We invested so much time and energy to rebuild trust in a Labour-led political force fit to govern, only to watch our hopes and aspirations for real change, smashed into smithereens against a wall of oligarchic, arrogant behaviour and excesses that have totally conquered Castille.

It is very sad that the ultimate blow to this Labour Party Government had to come from the very ‘face’ of the last elections.

How could a government Minister, expected to inspire trust in his own country, which happens to be a financial jurisdiction of repute, even think of choosing a dirty, EU-blacklisted jurisdiction like Panama over the safe financial set up our country and then justifiably boast about what it can offer?

Why Panama with its ties to money laundering?

How can a minister who blatantly chooses blacklisted Panama over Malta for his financial arrangements convince the electorate of his good intentions, or inspire investors to bring their savings to our shores?

How can those of us who blindly trust their investments in Malta, not wonder and worry about what could have led our Supremacist to stash his wealth away from our shores?

Then there is the issue of the PM Chief of Staff who, it seems, also prefers slimy Panama over our homeland.

It is such a shame that our much coveted ‘change’ in the way we do politics has taken this turning.

And yet, through all this disappointment and sadness, the bottom line is that there is no room for giving up on our dreams for our country and our children’s present and future.

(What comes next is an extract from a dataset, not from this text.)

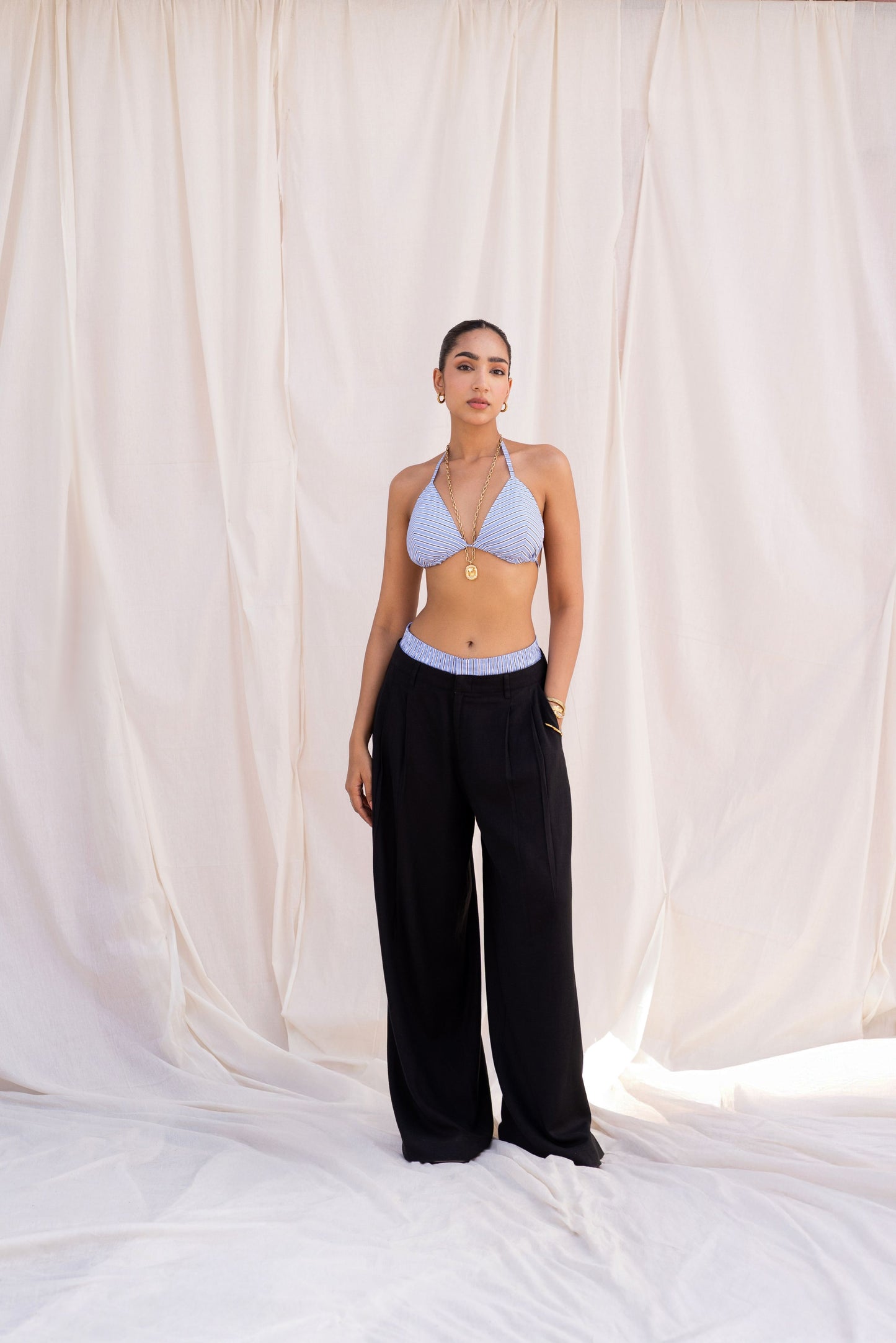 Blue Striped Shirt & Black Trouser Set with Bralette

So , what are we supposed to do? It seems that, for the time being, the least we can do is to keep pummelling this government, individually as citizens, NGOs and political groupings, in the hope of forcing it to clean up its act and deliver exemplary governance, before more damage is inflicted on our country’s reputation.

Then , when the time comes we will remember stuff and express our judgement.

Let’s hope that by that time we will have a credible alternative, that spares this beleaguered electorate more disappointment and bereavement.